==== DATA TO USE
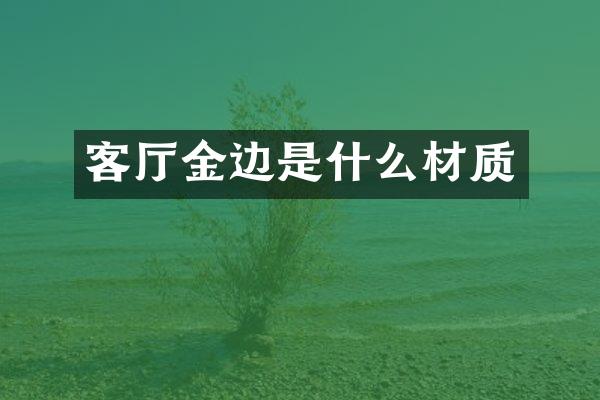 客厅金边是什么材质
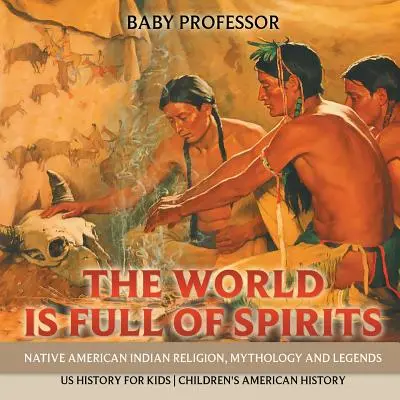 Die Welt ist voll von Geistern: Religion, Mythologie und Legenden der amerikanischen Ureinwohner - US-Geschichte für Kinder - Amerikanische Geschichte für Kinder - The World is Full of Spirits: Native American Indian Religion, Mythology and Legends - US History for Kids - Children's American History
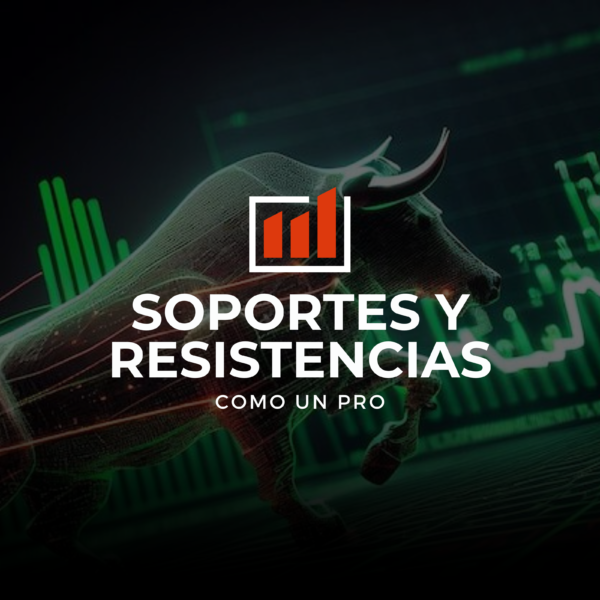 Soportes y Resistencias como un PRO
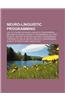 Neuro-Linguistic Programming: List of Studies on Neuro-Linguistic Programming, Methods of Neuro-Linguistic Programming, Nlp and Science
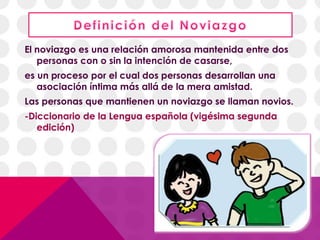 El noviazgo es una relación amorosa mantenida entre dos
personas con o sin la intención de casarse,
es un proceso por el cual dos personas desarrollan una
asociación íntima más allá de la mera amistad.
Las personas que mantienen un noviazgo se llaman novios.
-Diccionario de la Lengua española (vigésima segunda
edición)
========
==== DATA TO USE
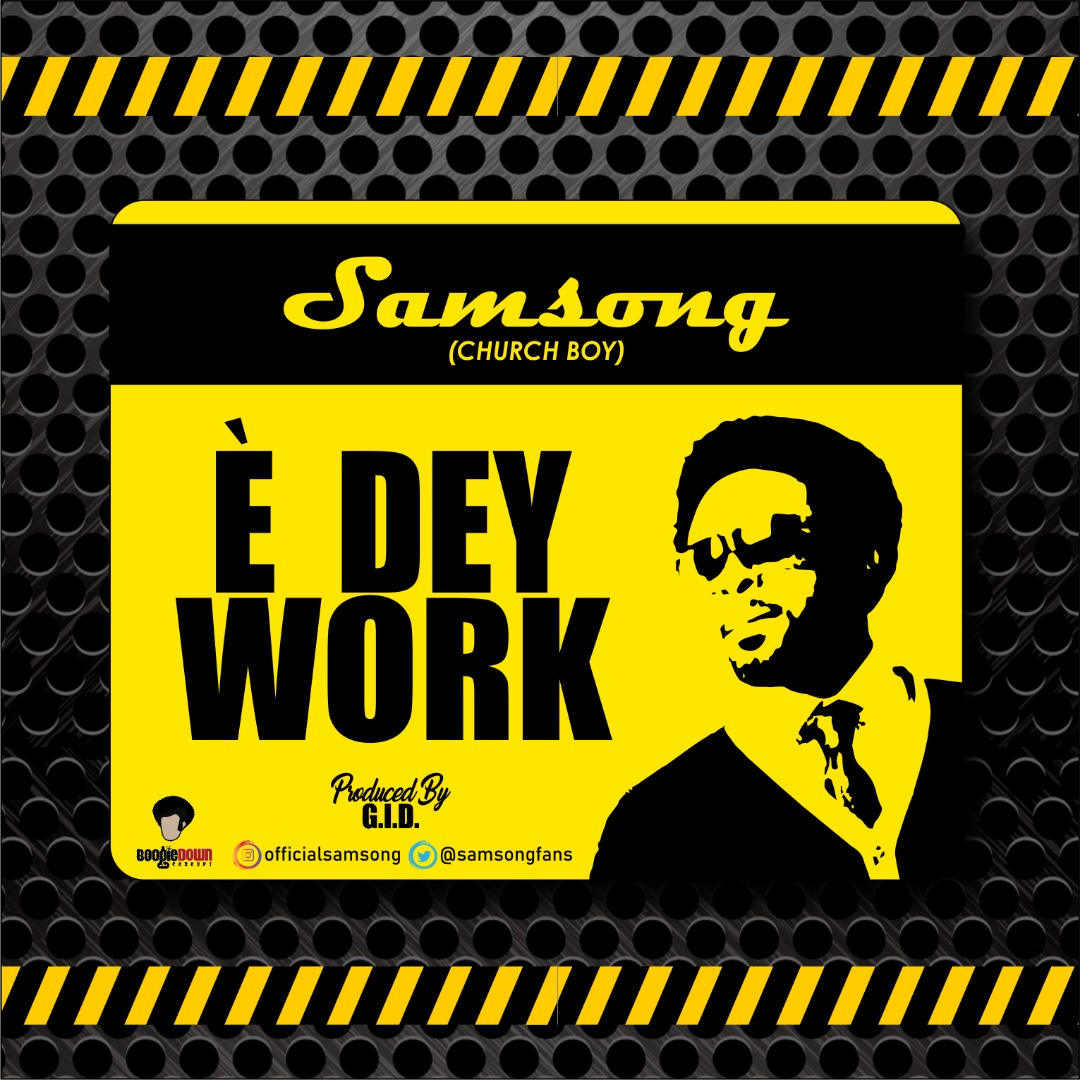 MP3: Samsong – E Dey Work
========
==== DATA TO USE
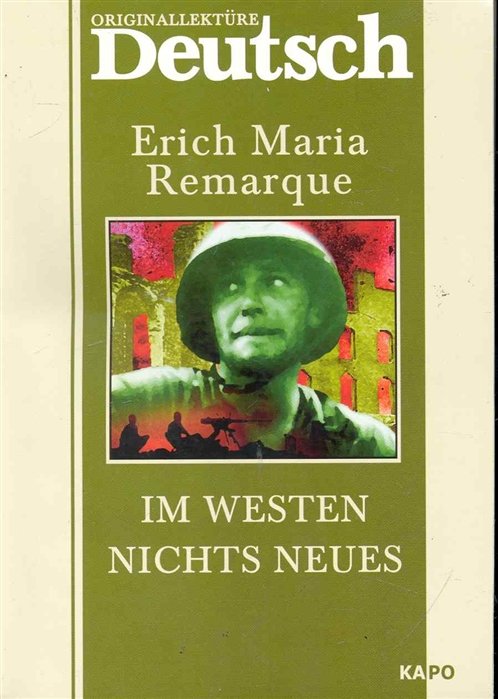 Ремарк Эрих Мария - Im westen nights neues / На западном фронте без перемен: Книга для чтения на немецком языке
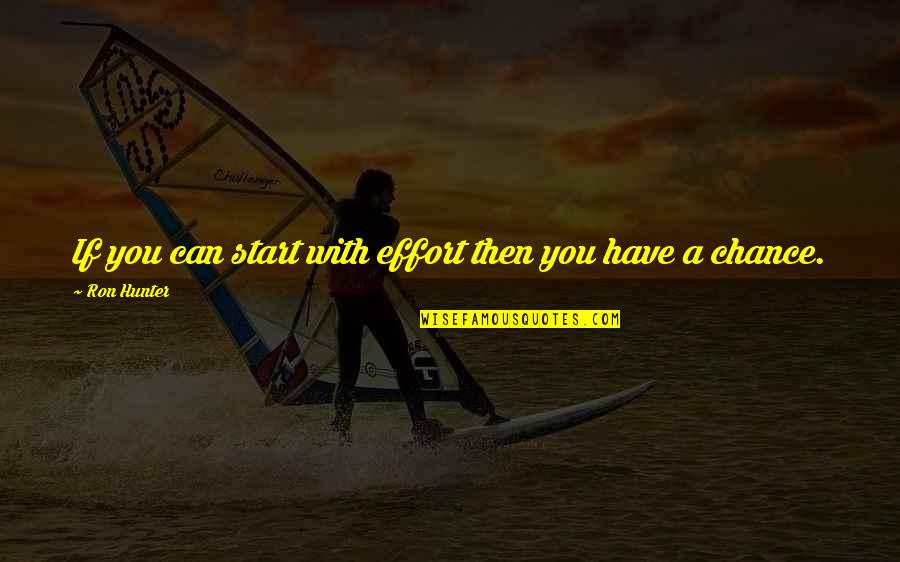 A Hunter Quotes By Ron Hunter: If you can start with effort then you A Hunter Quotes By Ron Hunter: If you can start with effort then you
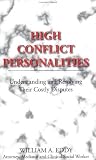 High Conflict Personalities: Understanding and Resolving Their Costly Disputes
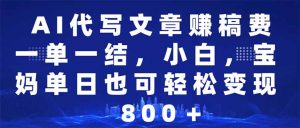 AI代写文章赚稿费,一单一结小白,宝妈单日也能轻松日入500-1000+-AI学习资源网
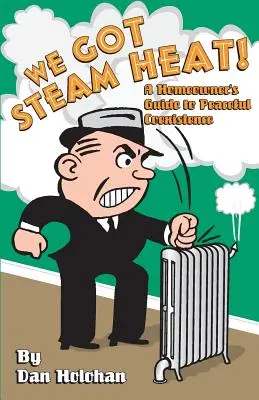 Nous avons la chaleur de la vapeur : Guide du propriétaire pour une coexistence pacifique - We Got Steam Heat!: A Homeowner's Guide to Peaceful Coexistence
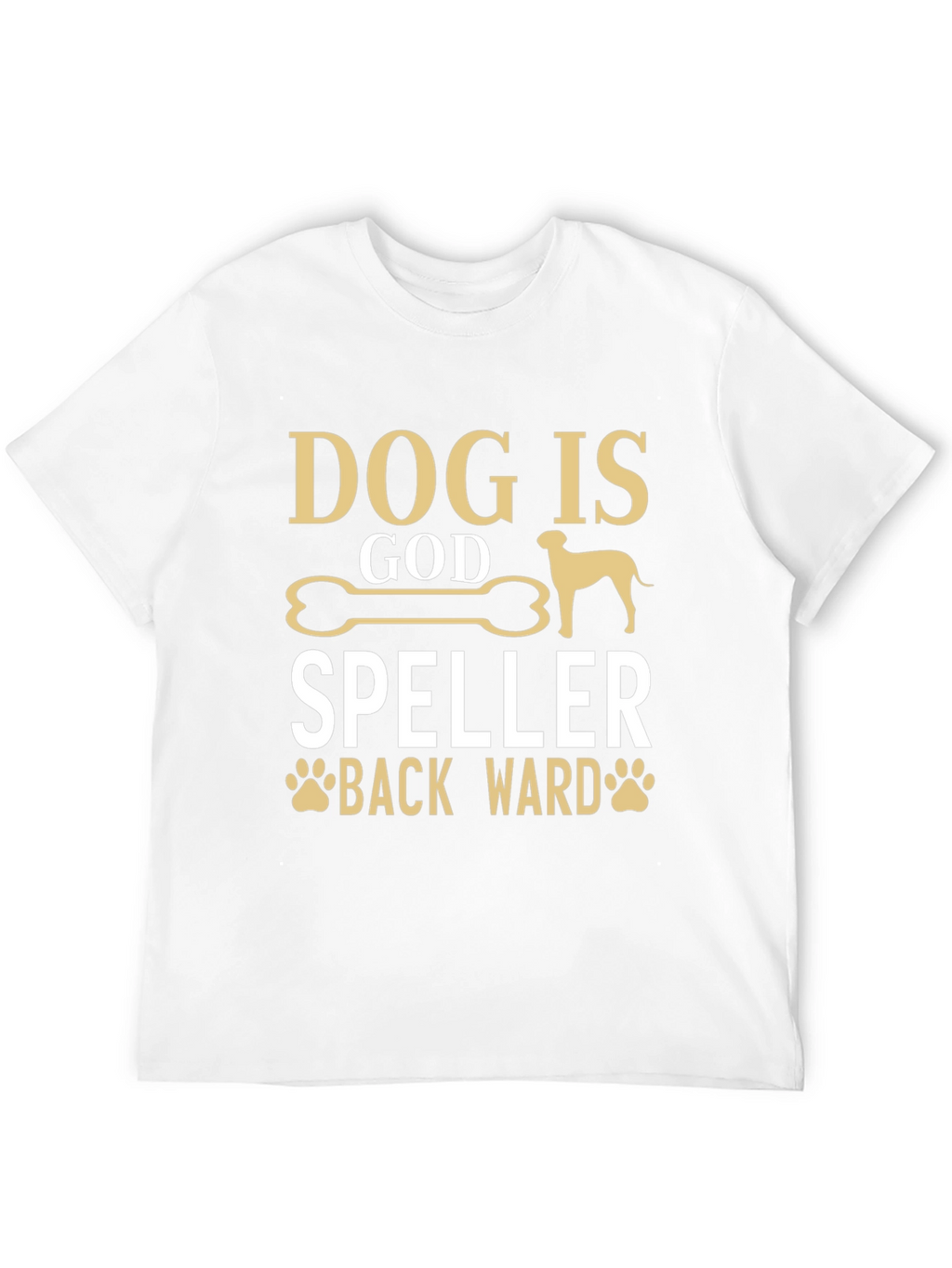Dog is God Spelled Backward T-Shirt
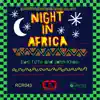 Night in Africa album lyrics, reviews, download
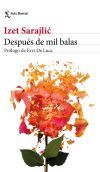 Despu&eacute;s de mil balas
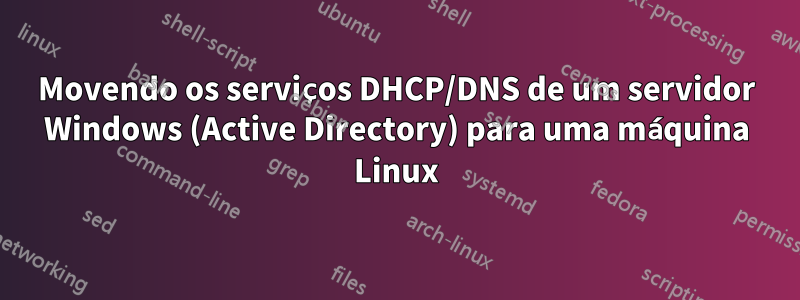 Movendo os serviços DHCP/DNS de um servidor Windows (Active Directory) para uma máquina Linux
========
TASK ITEM — Find each line above with the string "personas", then report how many there are. Write only the number.

ANSWER SPACE — 3